• TASK STATEMENT: From the data below, copy out every line in which the word "with" occurs.

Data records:
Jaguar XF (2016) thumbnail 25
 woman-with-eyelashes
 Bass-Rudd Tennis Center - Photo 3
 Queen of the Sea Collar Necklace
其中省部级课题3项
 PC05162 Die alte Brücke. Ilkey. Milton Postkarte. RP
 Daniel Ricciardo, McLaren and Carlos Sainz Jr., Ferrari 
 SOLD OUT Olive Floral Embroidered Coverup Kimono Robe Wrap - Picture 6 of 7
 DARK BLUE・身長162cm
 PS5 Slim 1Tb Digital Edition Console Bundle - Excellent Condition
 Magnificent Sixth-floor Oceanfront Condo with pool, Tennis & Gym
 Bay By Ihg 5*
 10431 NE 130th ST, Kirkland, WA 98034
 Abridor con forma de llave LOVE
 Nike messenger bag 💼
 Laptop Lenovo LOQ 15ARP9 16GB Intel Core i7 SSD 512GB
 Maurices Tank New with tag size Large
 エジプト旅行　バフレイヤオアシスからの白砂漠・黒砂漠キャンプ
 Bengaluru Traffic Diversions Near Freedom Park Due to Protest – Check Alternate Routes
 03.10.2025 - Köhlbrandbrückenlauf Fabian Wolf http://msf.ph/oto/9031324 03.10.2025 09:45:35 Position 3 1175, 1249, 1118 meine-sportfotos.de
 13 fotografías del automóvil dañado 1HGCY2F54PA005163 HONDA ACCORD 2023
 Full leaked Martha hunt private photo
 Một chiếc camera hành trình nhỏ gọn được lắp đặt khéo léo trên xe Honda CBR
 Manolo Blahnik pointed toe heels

• YOUR SOLUTION:
 woman-with-eyelashes
 Magnificent Sixth-floor Oceanfront Condo with pool, Tennis & Gym
 Maurices Tank New with tag size Large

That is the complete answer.